Ontem cheguei a uma conclusão que me assustou. O Herman José transformou-se num Fernando Mendes.
Enquanto o via com a sua camisa de penduricalhos brilhantes e calças com detalhes em croché apercebi-me do que é que o Herman queria dizer com «quero que as pessoas me vejam de outra maneira».
De facto, o «senhor Herman», como diria a nossa querida Lucy, deixou-se das piadas ordinárias e de pessoas nuas a passear-se pelo estúdio. Isto seria louvável, claro, se ele não o tivesse trocado por um programa de piadas fáceis, cheias de caretas e conversa lugar-comum.
Pensando bem, o Fernando Mendes, por mais populista que seja (e por mais que a sua imagem já esteja gasta e ele não demonstre prazer algum em fazer o seu trabalho) tem o mérito de assumir o papel que desempenha. Já o Herman, continua a falar alemão e a cantar a Amália enquanto exibe o look cabelo oxigenado, calças justas, sapato pontudo e cinto com brilhantes.
Pensando bem, a última vez que me lembro do Herman ter dito alguma coisa que me interessou foi quando veio a público esclarecer: «Não, não, eu só violei miúdos de 16 anos, isso não é pedofilia».

12 ou 22?

- Fazes bem! Tas mesmo na idade de fazer essas coisas!
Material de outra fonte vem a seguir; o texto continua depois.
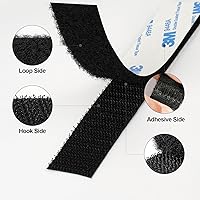 Vista 2 de Cinta autoadhesiva de gancho y bucle de 1 pulgada x 10 pies, fabricada con 3M 9448, sujetadores de tela de nailon entrelazados, cinta adhesiva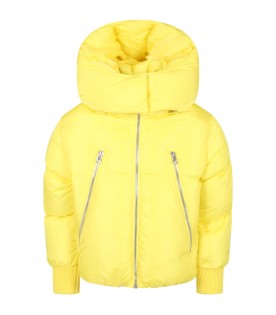 Yellow jacket for kids with logo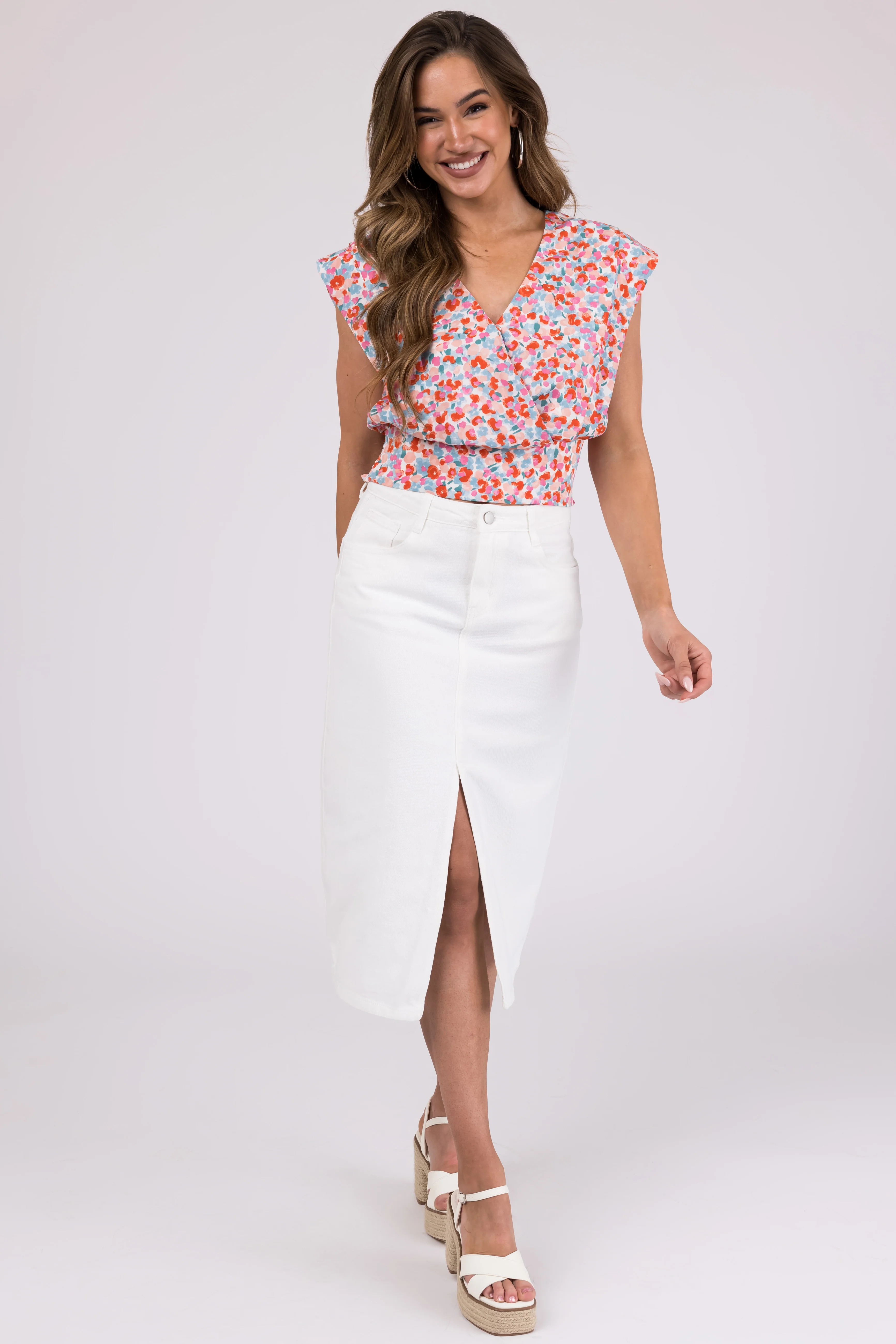 White Front Slit Denim Midi Pencil Skirt - Image 7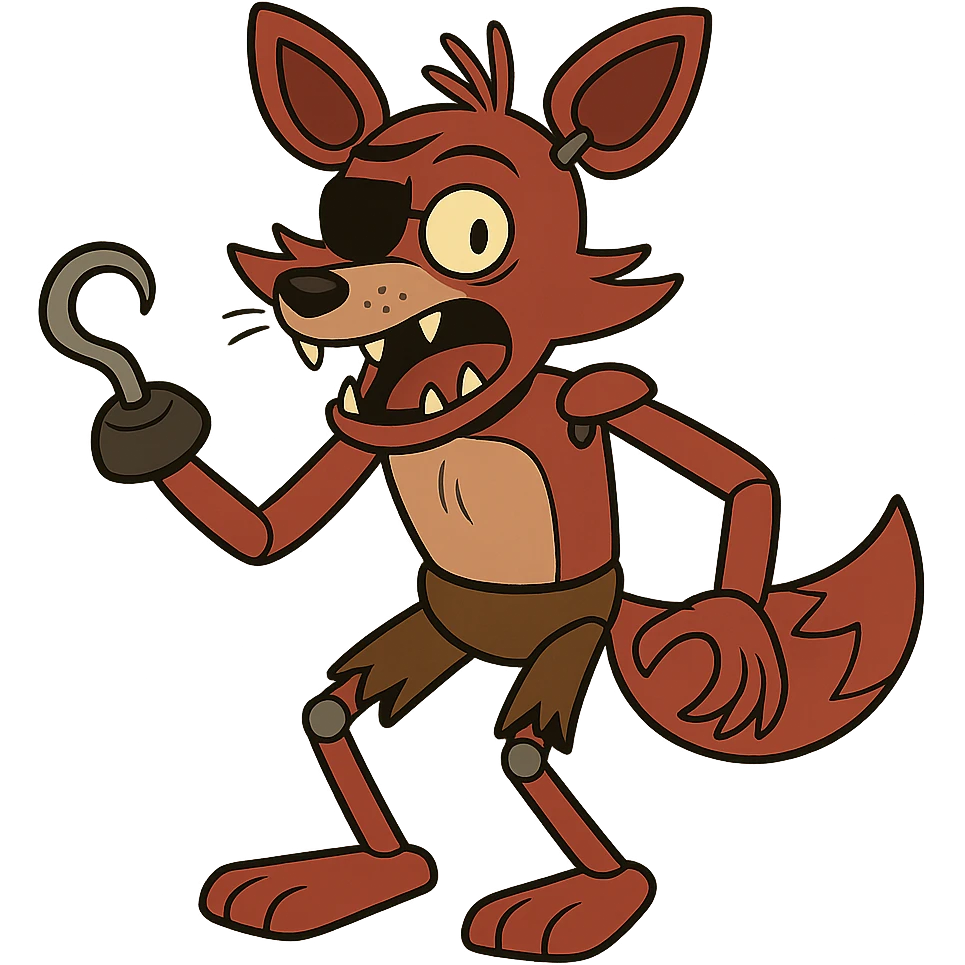 flat toon style Foxy from Five Nights at Freddy's emoji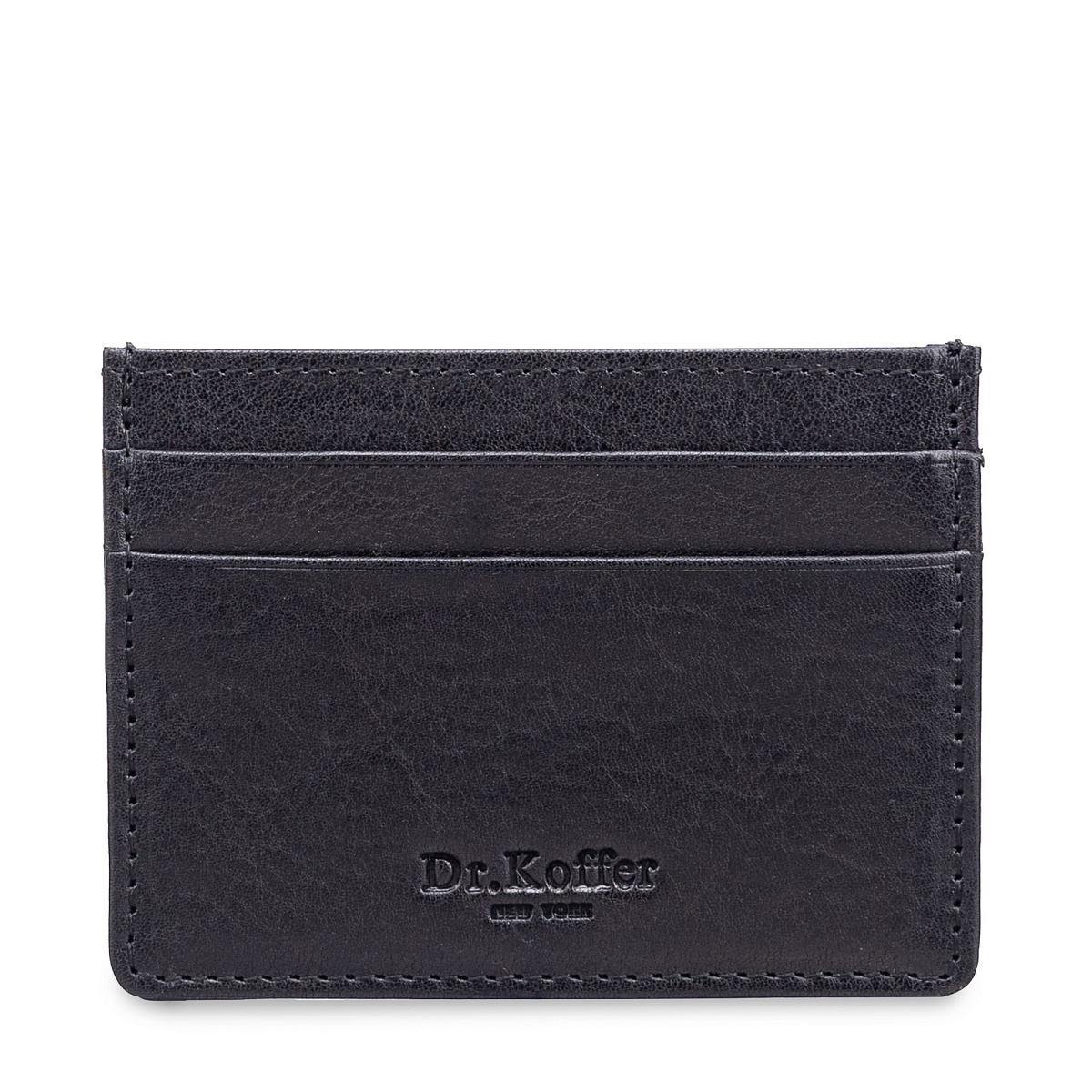 Кредитница Dr.Koffer из натуральной кожи черная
E, de repente, deixei de ouvir os elogios à minha coragem e distrai-me com um flashback de imagens de passado. Quando tinha doze anos lembro-me de olhar para os “mais velhos da escola” e querer que o tempo passasse a correr. Queria logo poder usar maquilhagem, saltos altos e malas de senhora. Fechava os olhos e tentava imaginar as minhas feições com aquela idade. Imaginava-me sempre bonita, crescida, até mesmo chique.
Quando penso nisso esboço sempre um sorriso. Sou tudo menos chique, crescida, bonita ou senhora. Não gosto de saltos altos e a maquilhagem faz-me comichão. Malas de senhora é para as “betinhas”. Eu sou “desportiva”, dizem os mais simpáticos.
Mas aos doze anos, essa possibilidade não existia. Queria ter filhos aos 23, para poder brincar com eles sem um grande gap geracional (ok, aos doze deveria dizer, “sem ser uma velha chata”). Agora quero ter filhos aos 30.
Mas dizem que os 50 são os novos 40. Seguindo essa lógica de raciocínio, os 40 são os novos 30 e os 30 os novos 20. Faz sentido. O meu desejo mantém-se datado.
Mas espera. Um momento.
Assim sendo, eu agora, ao invés de 22, tenho 12?
Pois. Fez-se luz.
Mas mantenho os meus desejos.
Quando “já não tiver idade para essas coisas” quero ser crescida, bonita, usar saltos altos e roupa de senhora. Mas para já nao. Só tenho doze anos!